I have moved four times in under four years. I’ve watched a lot of items come and go… furniture, cookware, linens… I don’t feel upset sending boxes to Goodwill nor do I mind adapting to new spaces, but I cannot let go of my books. Even books I disliked remain a part of my life. This attachment to books is something that fascinates me. It’s also something I don’t entirely understand. How can I say goodbye to old sweaters and kitchenware if I cannot part with a book?

A lot of readers sympathize with this struggle. Those who are bonded to books often feel compelled to protect them, to stash or even steal them. While travelling, I’ve stumbled upon many a market filled with books. In their presence, the strangest sensation tends to wash over me. A wild feeling, one of intense craving, one that only subsides after I’ve boughten a book (often a book I do not need.) In addition to financially burdening myself, the problem with buying books while traveling is that you are stuck with them. Somehow this never inhibits me. I have learned to use every inch of my backpack, sliding books down the back, cramming them anywhere they’ll fit. I suppose one might consider this an obsession. It probably is. All I know is that I’m not alone in having developed an attachment to books.

In 1975, New York Magazine published an article in their home furnishings section. The article, titled “Shelf Awareness” by Veronica MicNiff, offered a shelving solution to those whose books had begun to pile around them, walls building within walls. The article admitted that books have a curious way of finding their way into houses, sneaking in like stray animals. My bookshelves are now full and I tend to stack books on my desk, on the floor or in bins around my apartment. I haven’t read them all and yet I love them to death.

Leonard Ross, co-author of The Best, was quoted describing his bookshelves collapsing.

…for example, the moment when my entire storage system, an affair of tension poles and planks, began to quiver. Then it was all over, on the floor- Jacqueline Susann cheek by jowl with Kant.

The article, somewhat humorously, addressed book owners by offering a “cheap and architecturally chic” solution. The solution? Industrial Shelving. Clearly, book lovers are a marketable audience in more than one way.

Leo Lerman, a writer for Vogue, was quoted regarding his own collection.

the books are absolutely everywhere and only I know where anything is.”

Meanwhile, playwright Geoffrey Bellman asserted, when asked about his father’s library, that one cannot simply get rid of books.

But you can’t just get rid of books. You think, it’s gone too far, I’ll get rid of two or three hundred, and you end up with three to throw out. One is a duplicate copy of Sense and Sensibility, the others are in German, a language you don’t even know.

How do we acquire books in languages foreign to us? There’s something magical about books, about holding stories in one’s hands. I own a french copy of John Updike’s novel, Brazil (and while I do speak French my skills have declined rather severely) of which I have read little. Every time I consider relinquishing the book to someone else I find myself picking it up, flipping through, reading but a few pages. In this scant reading I find myself justifying my ownership of that worn and lonely paperback.

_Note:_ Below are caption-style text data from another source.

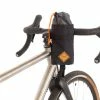 Sacoche De Cintre Restrap Stem Bag -vélo Soldes gkX3EJ1RoORvHjtQcNjG 00 Stem Bag 1024x1024 4d480d2e b602 42c1 8d6f b7fad9548c1c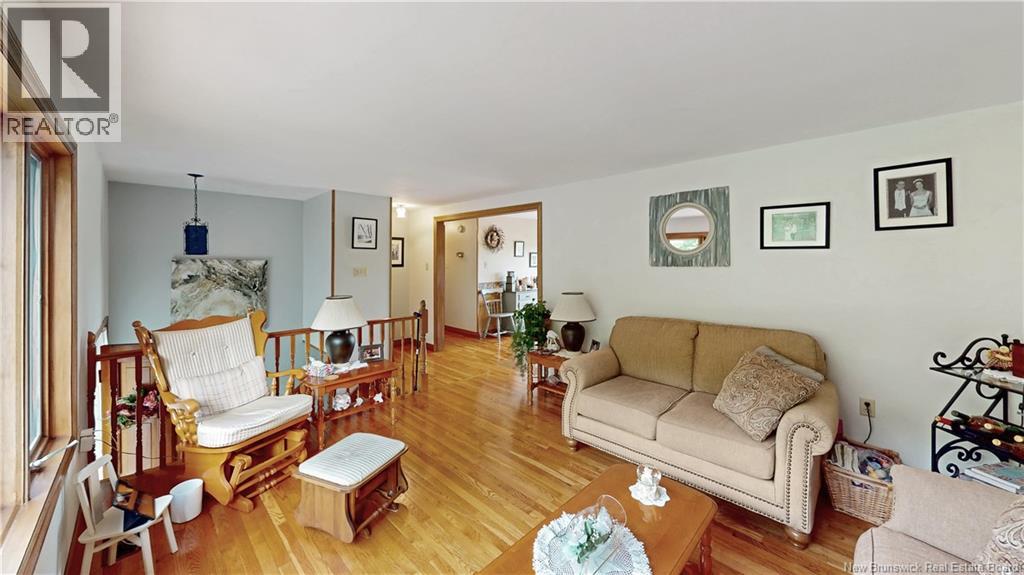 1496 Main Street, Hampton, New Brunswick  E5N 6H1 - Photo 13 - NB136533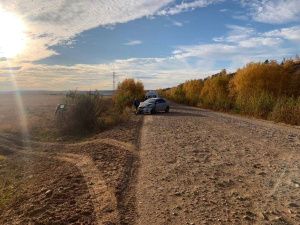 В Якутии в ДТП тяжелые травмы получили четыре человека: За рулем находилась пьяная женщина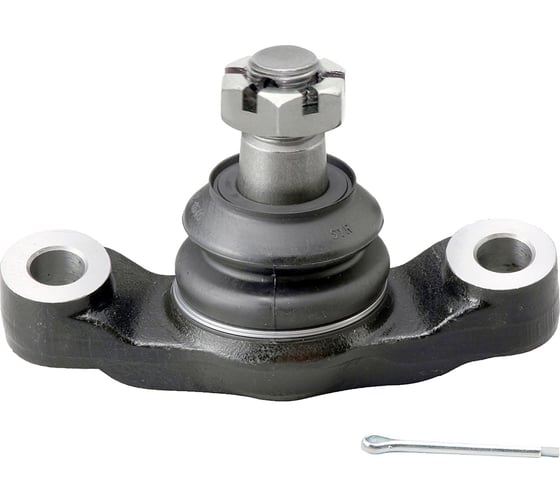 Опора шаровая передняя правая/левая CTR CB0222 1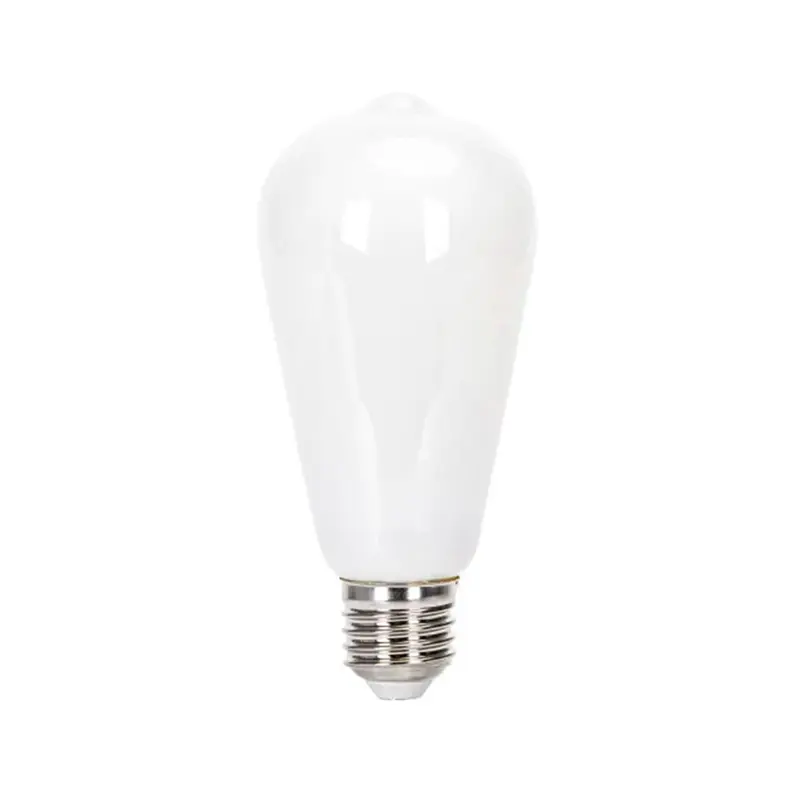 lampada-de-filamento-aigostar-led-branco-st64-e27-15w-2700k-sumtek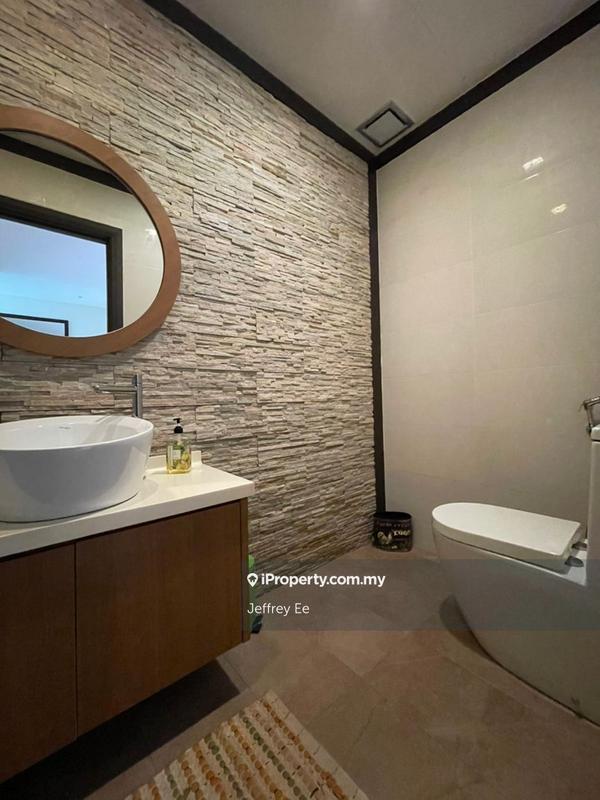 Bungalow House for Sale in Sierramas, Sungai Buloh by Jeffrey Ee - iProperty.com.my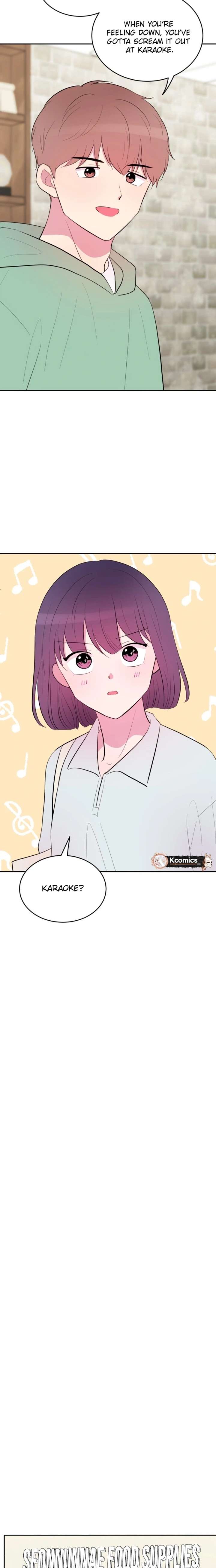ch 24 8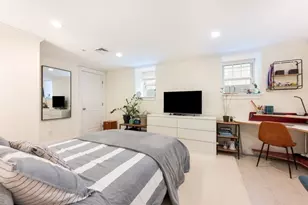 326 Concord Ave, Cambridge, MA 02138 - Photo 22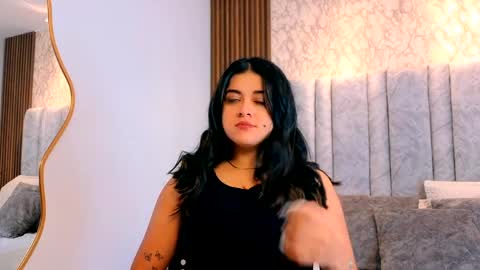 Snapshot of tifany__ross chatting on 04.02.26 Tiff3 online show from 04.02.26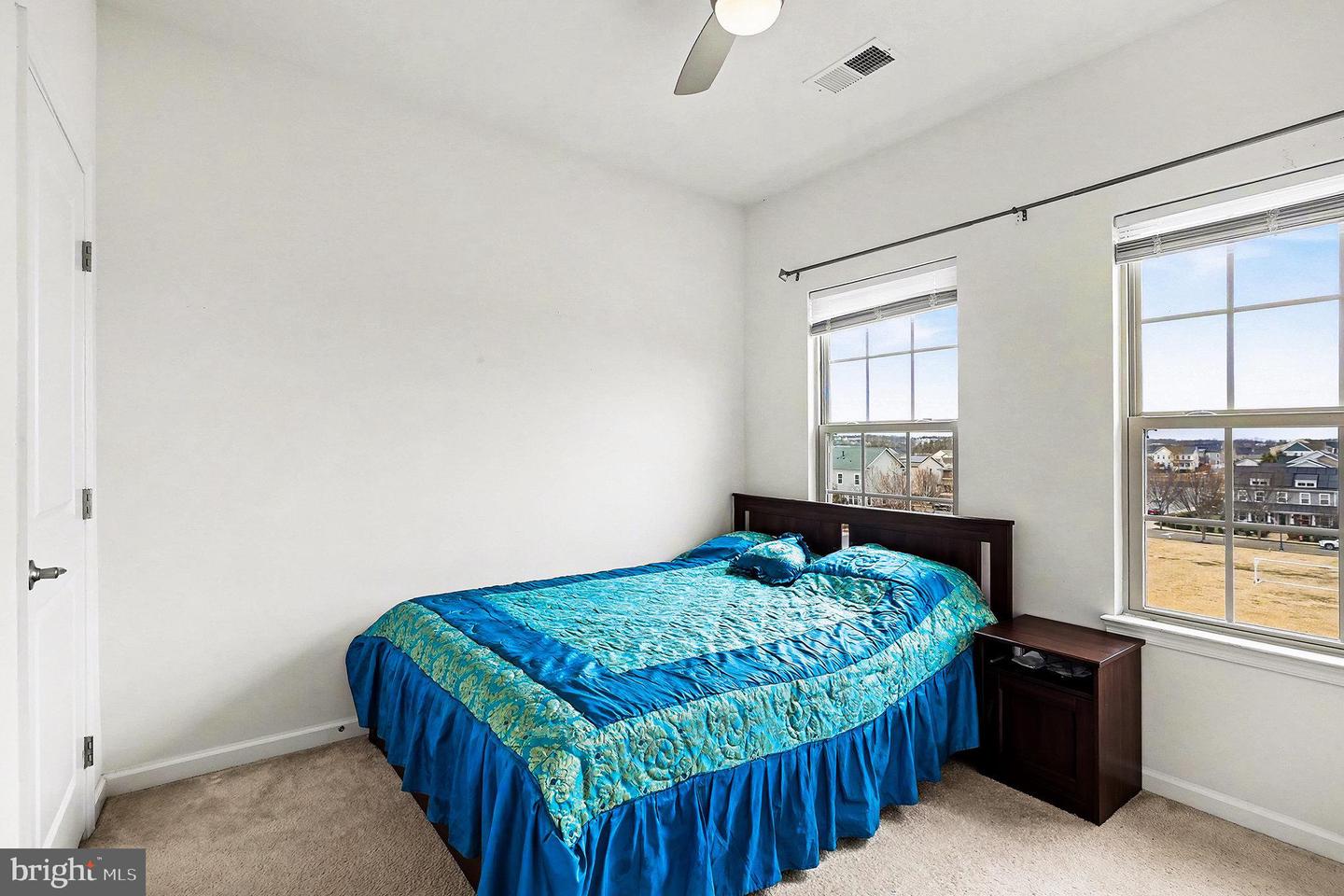 109 SWEETGUM CT, STAFFORD, Virginia 22554, 3 Bedrooms Bedrooms, ,2 BathroomsBathrooms,Residential,For sale,109 SWEETGUM CT,VAST2044846 MLS # VAST2044846 109 SWEETGUM CT, STAFFORD, Virginia 22554, 3 Bedrooms Bedrooms, ,2 BathroomsBathrooms,Residential,For sale,109 SWEETGUM CT,VAST2044846 MLS # VAST2044846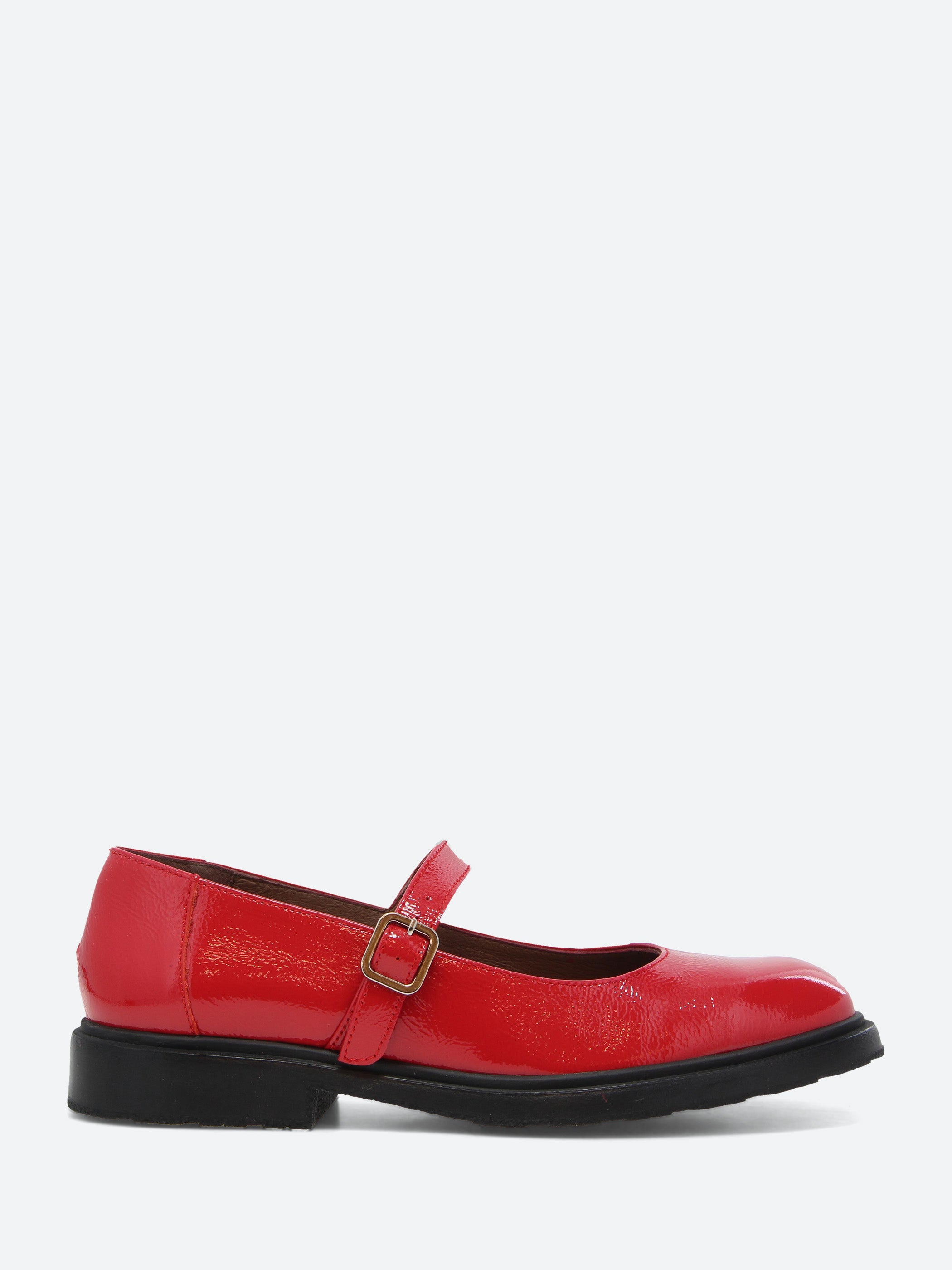 B-9145 Mary Jane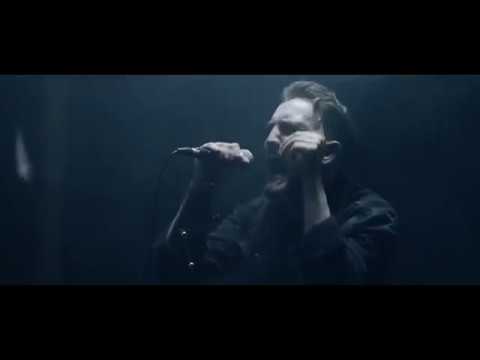 Miscreant - Let Tomorrow Die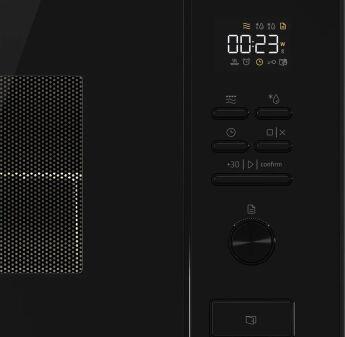    Gorenje BM251M2BG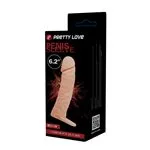 bi-026228-extension-peneana-16cmx4cm-extiende-07945756b9f841cfb2d04f3de9ab1bf6.webp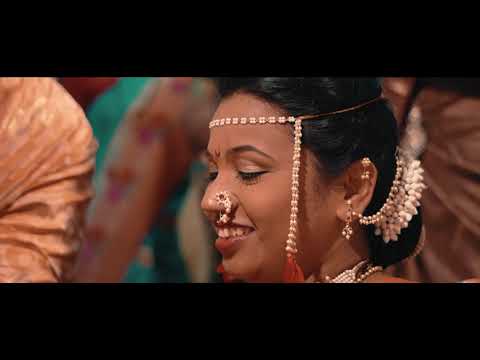 Wedding Photographer portfolio by F S PHOTOGRAPHY in Nagpur - Photo 3 Wedding Photographer portfolio by F S PHOTOGRAPHY in Nagpur - Photo 3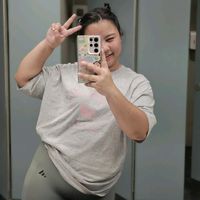 sukanya24bow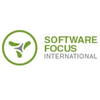 Software Focus International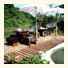 Baan Rim Klong Resort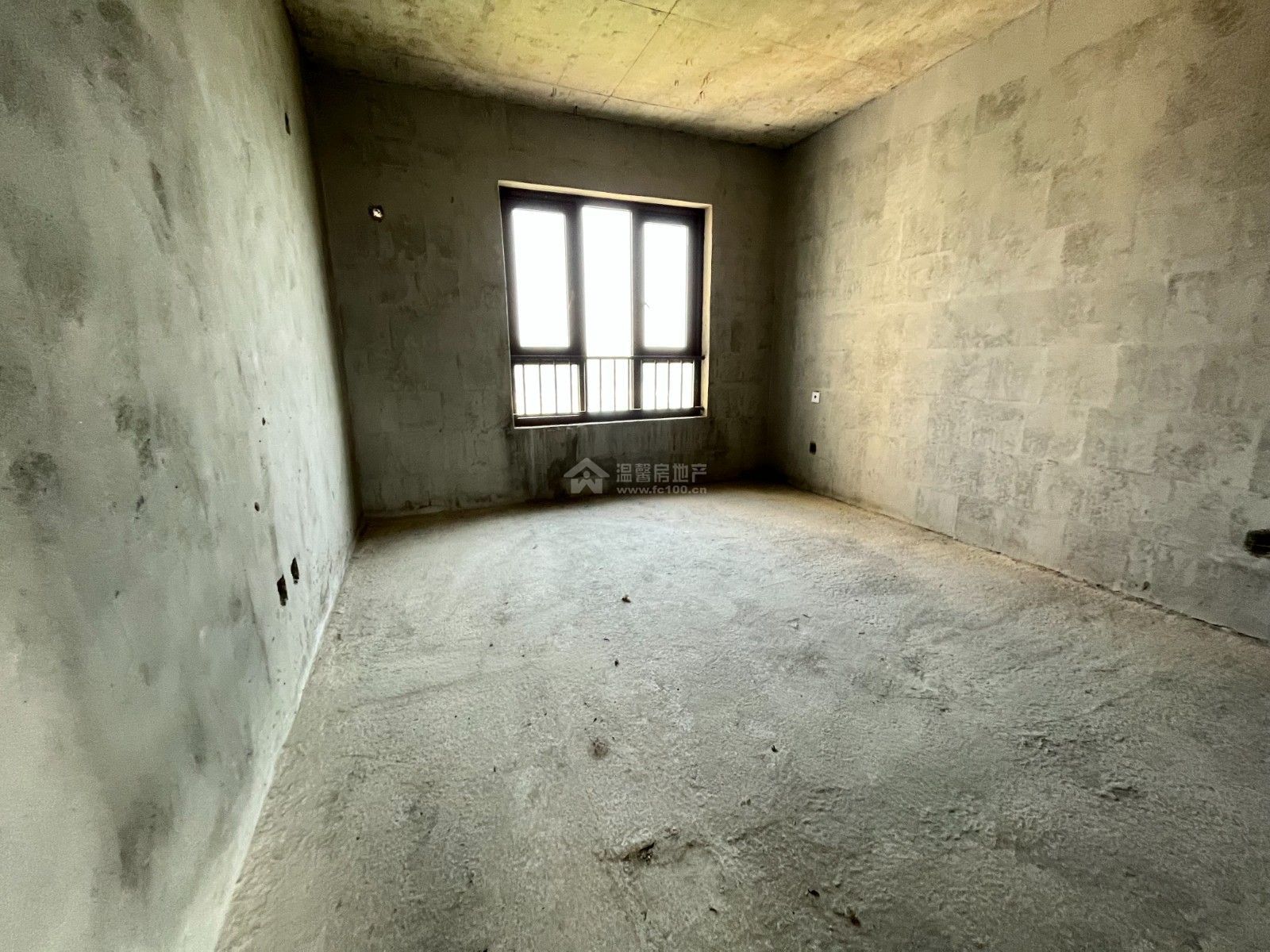 M-38409二手房图片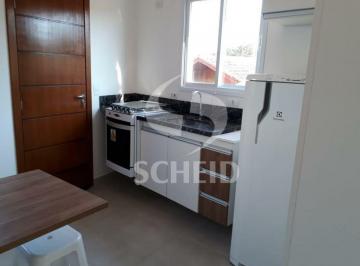 Comercial · 350m² · Prédio residencial com dois pavimentos com renda na Zona Sul.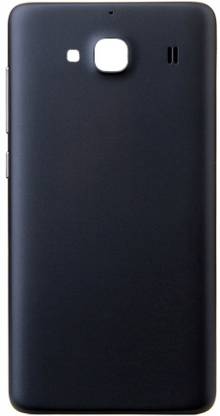 Oktata Xiaomi Redmi 2 Back Panel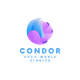 Concentro - Condor
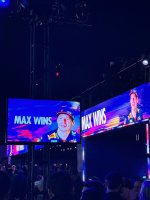 IMG_2494.jpeg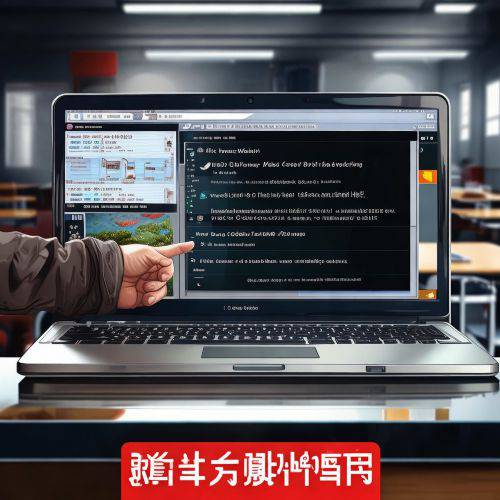 力荐!黑魔鬼代售微信“方便快捷”
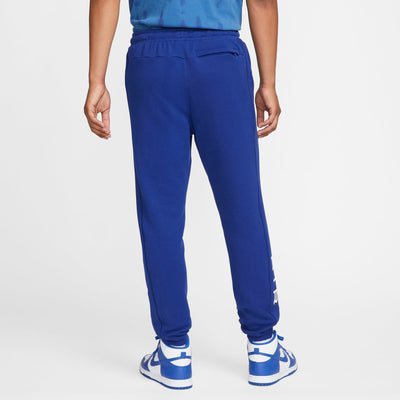Mens Sportswear Air Logo Sweatpant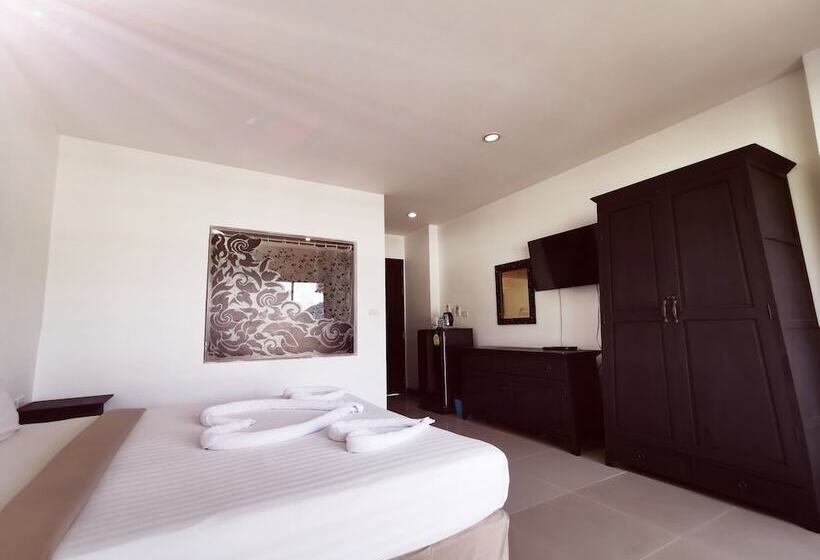 Fotos del hotel Blue Star:  4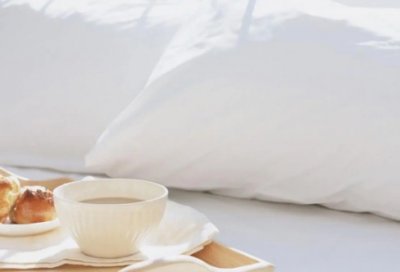 ​英雄杀人物台词大全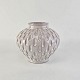 Aristo keramikVase10,5 cm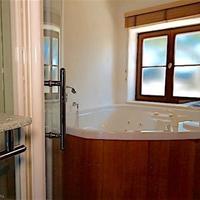 Вилла на первой линии моря/озера в Португалии, Албуфейра, 622 кв.м.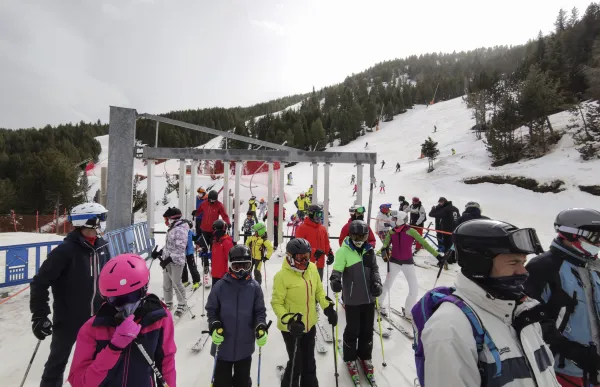 p._06_pal_pistes_-_facundo_santana_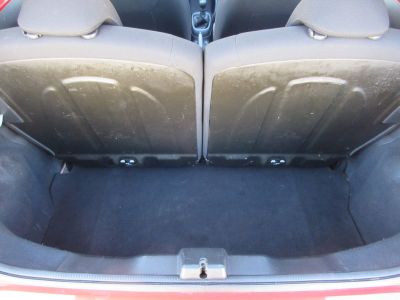 Citroën C1 1.0 e-VTi Airscape Feel, Cruise, Stoelverw. Airco, Vouwdak, APK 6-27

I dream to someday own a house with rooms dedicated to books, to reading and writing, to marvelling in worlds that extend beyond my own. For now, however, I will continue to let books swim between my sheets, pile on top of my fridge or gather in the spare pockets of my purses. For now, and probably forever, I will succumb to these mischievous paper creatures for they have, mysteriously, stolen my heart.